In connection with the Offer, the Offeror has entered into lock-up agreements with unitholders of the Fund pursuant to which such unitholders, who control approximately 41% of the currently outstanding Units and approximately 21% of the voting securities of the Fund, have agreed to tender to the Offer all of the Units under their control.

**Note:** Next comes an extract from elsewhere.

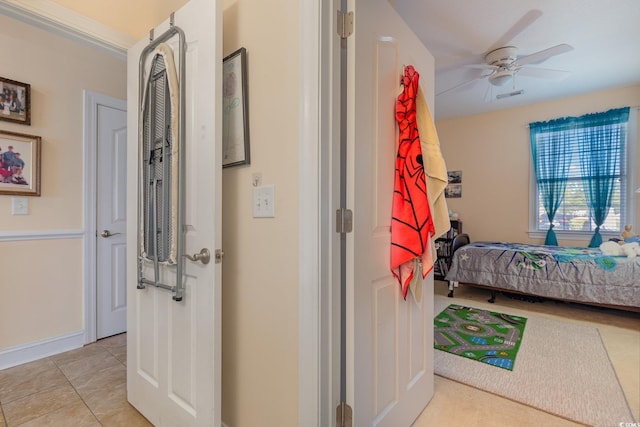 interior space featuring light tile patterned flooring, visible vents, and baseboards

About Drive Products Income Fund

Drive Products Income Fund holds a 52% indirect interest in Drive Products. Founded in 1983, Drive Products is a Canadian leader in the design and installation of systems solutions that transform a conventional new truck chassis into a specialized vehicle that meets a customer's technical and performance requirements. To achieve this, Drive Products offers a wide variety of products such as power take-offs, hydraulic pumps, motors and coolers, winches, cables and controls, drivelines, blowers and compressors, hoses and fittings, custom consoles, snowplows, spreaders and electronic spreader controls, from leading international manufacturers, in many instances as the sole distributor in Canada.

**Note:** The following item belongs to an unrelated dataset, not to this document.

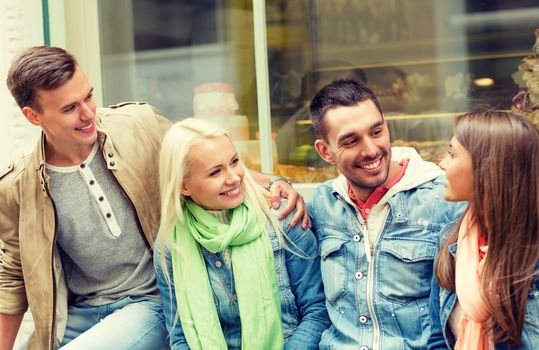 friendship, travel and vacation concept - group of smiling friends walking in the city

Cautionary Statement Regarding Forward-looking Information

This press release contains forward-looking information (as defined in the Securities Act (Ontario)) and forward-looking statements (as defined in the United States Securities Exchange Act of 1934) (collectively referred to herein as "forward-looking information" or "forward-looking statements"). Forward-looking statements include all statements that are predictive in nature or that depend on future events or conditions. Forward-looking information is typically identified by words such as "may", "will", "intend", "should", "expect", "believe", "plan", "anticipate", "estimate", "predict", "potential", "continue" or the negative of these terms or other similar terminology. All statements in this press release, other than statements of historical fact, are forward-looking statements. Specifically, this press release contains forward-looking statements regarding the mailing date for the Offer and circular by the Offeror and the Trustee circular by the Board of Trustees and the expected completion date of the Offer. Forward-looking information should not be read as a guarantee of future performance or results. Investors should not rely unduly on forward-looking information as a number of factors could cause actual results to differ materially from the results discussed in the forward-looking information. Although the forward-looking information contained in this press release is based upon what management believes are reasonable assumptions, neither the Fund, Gregory Edmonds, Russell Bilyk nor 2256479 Ontario Inc. can assure investors that actual results will be consistent with results anticipated in such forward-looking information.

The forward-looking information is provided as of the date of this press release and none of the Fund, Gregory Edmonds, Russell Bilyk nor 2256479 Ontario Inc. assumes any obligation to update or revise the forward-looking information to reflect new events or circumstances except as required by applicable law.